Oral arguments on appeal were recently heard on one of the first verdicts handed down in a Katrina-related insurance trial. Arguments on the appeal of Leonard v. Nationwide Mutual Insurance Company were heard on August 6 before the Fifth Circuit Court of Appeals. The appeal follows an August 2006 verdict in which the court ruled that the water exclusion in Nationwide's policy was valid and enforceable, thereby excluding coverage for storm surge. Accordingly, the Leonards were only allowed to recover damages caused by wind or objects propelled by wind, with an award totaling $1,228, in addition to the $1,661 previously paid by Nationwide. The total amount of the loss was over $130,000. However, the court also ruled that the anti-concurrent causation provision in the policy was ambiguous and could not be enforced. The anti-concurrent causation provision provides that if a loss arises from a combination of covered and non-covered perils, the loss is not covered.

Nationwide appealed the trial court's decision in November 2006. According to a Nationwide spokesperson, the appeal asks the court to reconsider technical portions of the ruling, and does not challenge the monetary award. The Leonards filed a cross-appeal a few weeks later. In July 2006, the Leonards dropped their appeal. Nationwide, however, chose to continue with the appeal of the finding on the anti-concurrent causation provision.
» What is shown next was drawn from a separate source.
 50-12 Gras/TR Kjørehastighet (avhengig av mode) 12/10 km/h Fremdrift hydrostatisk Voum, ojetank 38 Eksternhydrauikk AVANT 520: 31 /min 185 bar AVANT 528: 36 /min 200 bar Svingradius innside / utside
Nationwide, as well as many other insurers, has taken the position that their homeowners policies cover wind damage, but not where the damage arose from a combination of wind and water. In many of the Katrina-related cases, it is difficult to determine what damage was caused by wind versus water. Accordingly, whatever the court’s decision may be, the decision is likely to impact other Katrina claims.